At least 75% of the net offer shall be allotted to qualified institutional buyers on a proportionate basis, the draft prospectus said.
Up to 60% of the QIB category will be allocated to anchor investors on a discretionary basis, of which one-third shall be reserved for domestic mutual funds.
5% of the QIB portion (excluding the anchor investor portion) shall be available for allocation on a proportionate basis to mutual funds only.
The remainder of the QIB category shall be available for allocation on a proportionate basis to all QIBs (other than anchor investors), including mutual funds.
The portions reserved for non-institutional and retail institutional bidders are up to 15% and 10% of the net offer, respectively.
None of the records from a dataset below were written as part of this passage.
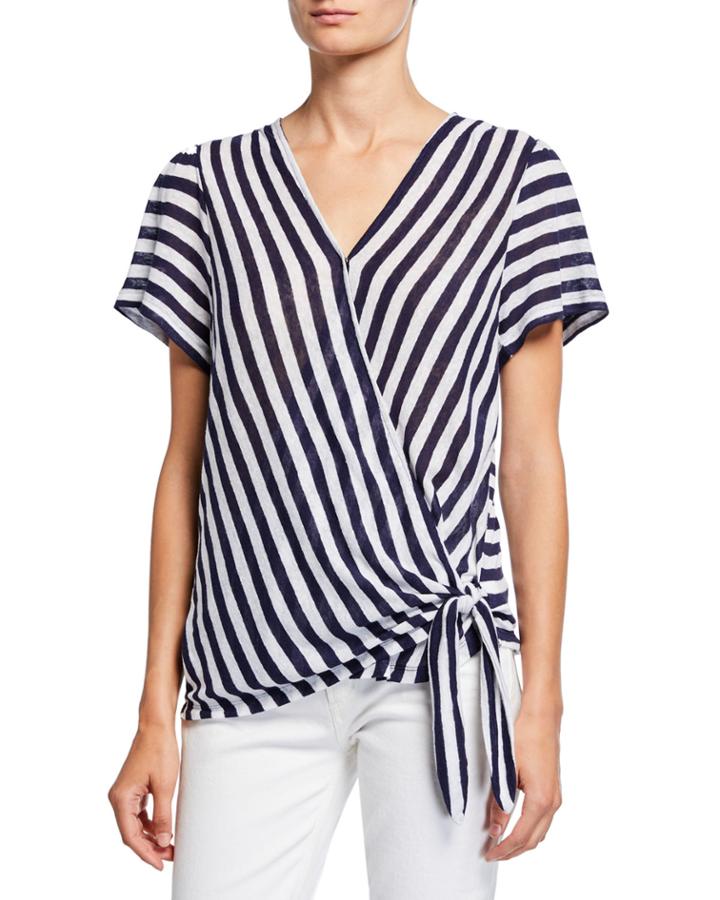 Striped V-neck Wrap Top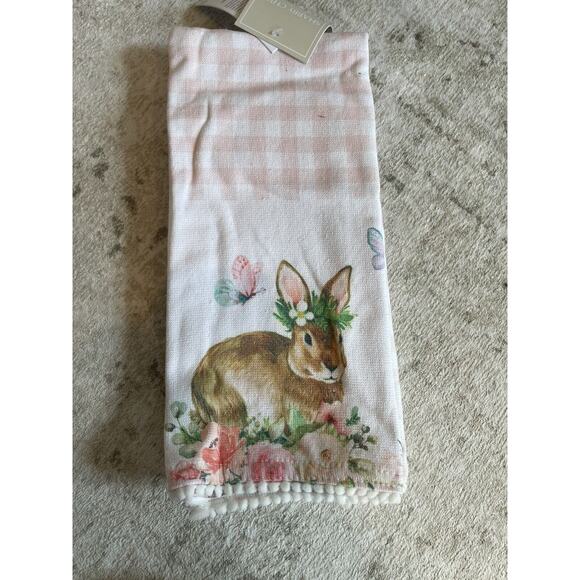 Shabby Chic‎ Set Of 2 Easter Spring Floral Kitchen Towels Bunnies Cotton NWT - Picture 1 of 5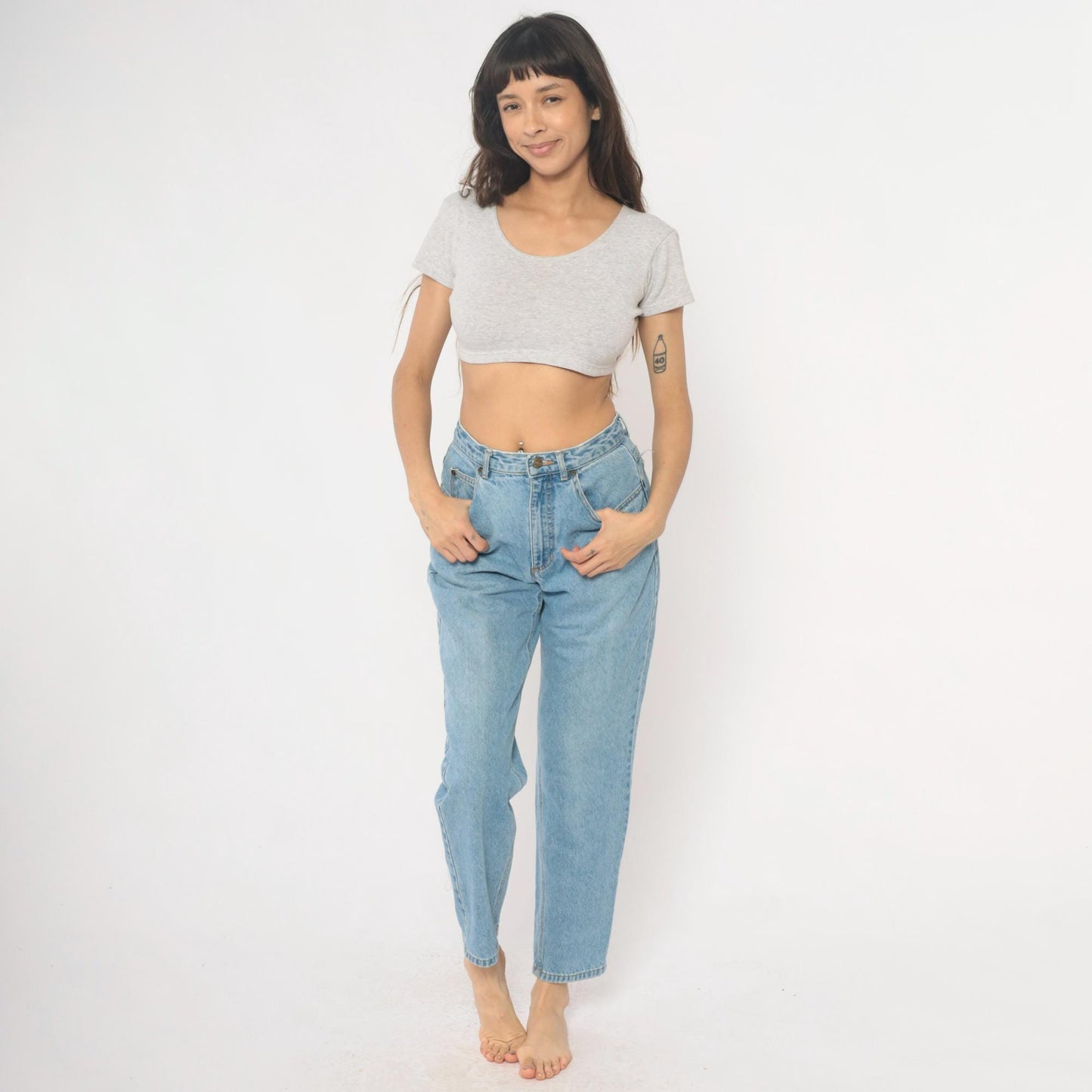 90s Liz Authentic High Waisted Jeans Light Wash Leaf Pocket Medium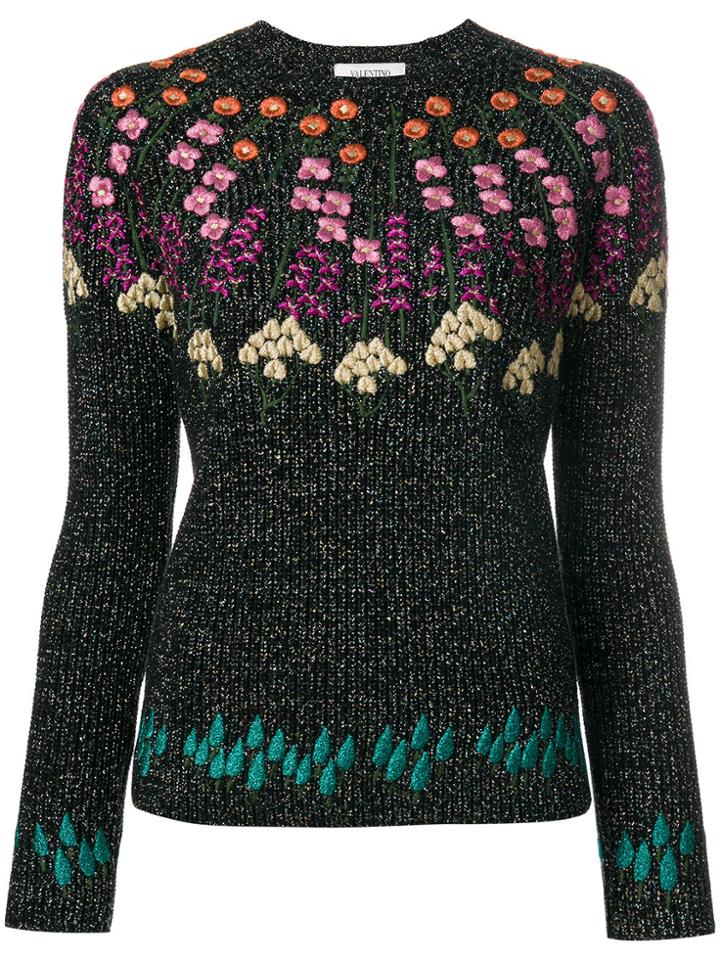 Valentino Valentino Garavani Floral Embroidered Jumper - Black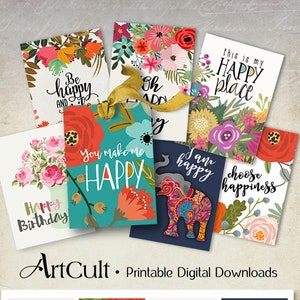Stampabili HAPPY TAGS Download digitali di dimensioni 2,5" x 3,5", citazioni ispiratrici, biglietti regalo di auguri, scrapbooking, journaling Disegni ArtCult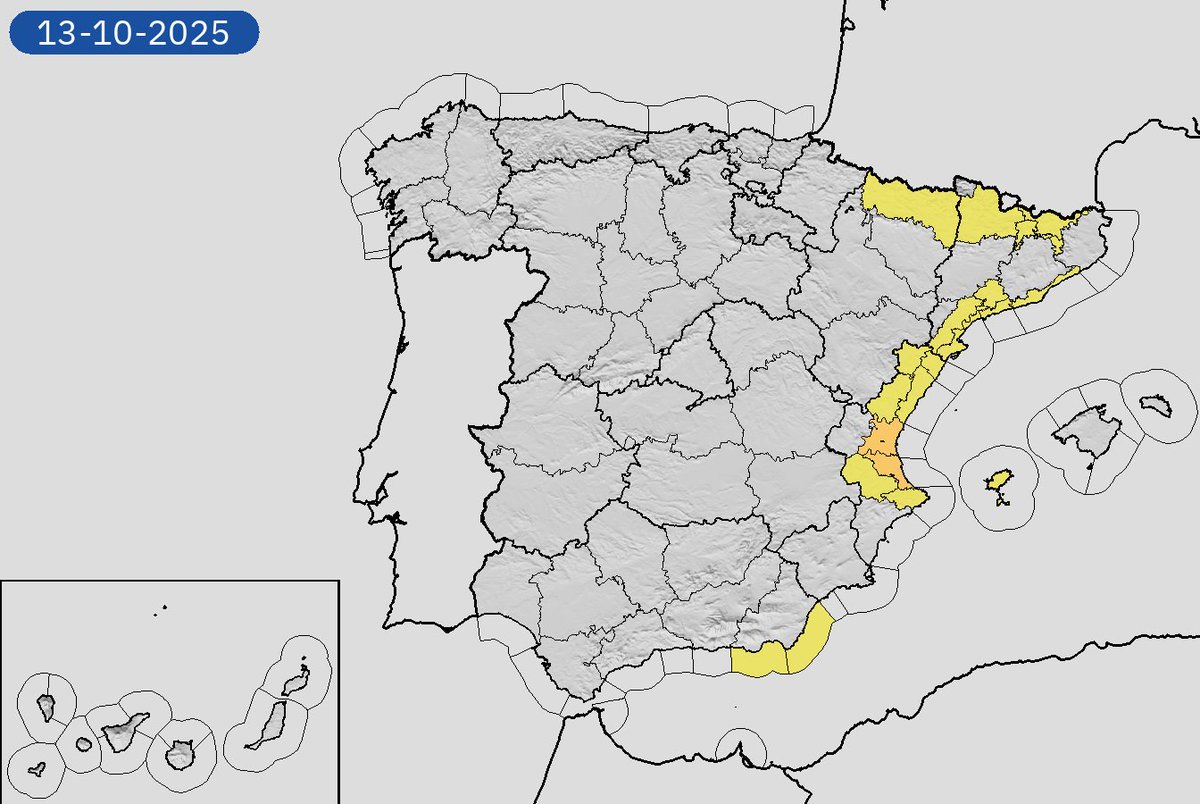 AEMET_Esp's tweet image. 12/10 00:06 Avisos activos hoy y mañana en España por lluvias, tormentas y costeros. Nivel máximo de aviso: naranja.
Actualizaciones en aemet.es/es/eltiempo/pr…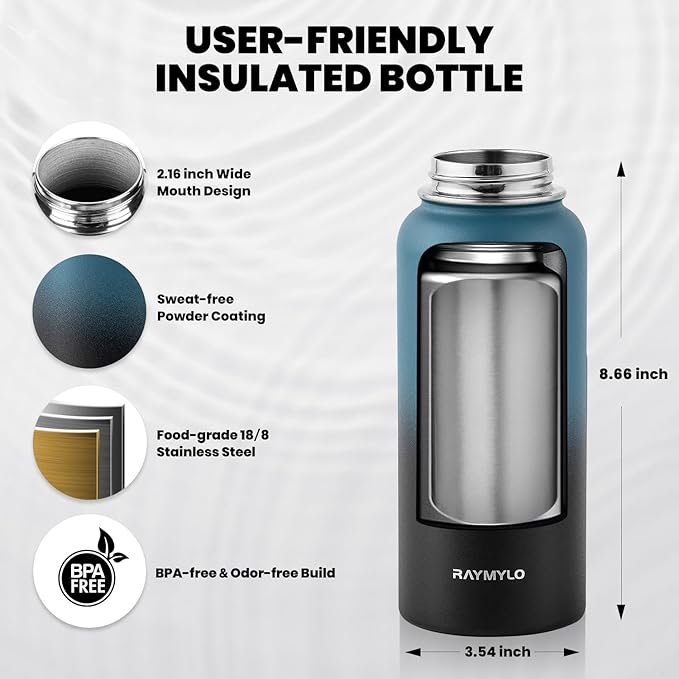 RAYMYLO Insulated Water Bottle 32 oz, Triple Wall Vacuum Stainless Steel (Cold for 24Hrs, Hot for 12Hrs), Leak Proof & Non-BPA, Modern Water Flask Jug with Paracord Handle & Straw Spout Lids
FabIndia has a pan-India network of 309 Fabindia stores and experience centres, 74 ‘Organic India’ stores and a network of retail touchpoints for Organic India, including general trade stores, modern trade stores and chemists, as on Sept. 30, the DRHP said.
The company’s total comprehensive loss was at Rs 114.1 crore and Rs 56.9 crore in the fiscal ended March 2021 and in the six months through September, respectively.
ICICI Securities Ltd., Credit Suisse Securities (India) Pvt., JPMorgan India Pvt., Nomura Financial Advisory and Securities (India) Pvt., SBI Capital Markets Ltd. and Equirus Capital Pvt. are the book-running lead managers to the issue.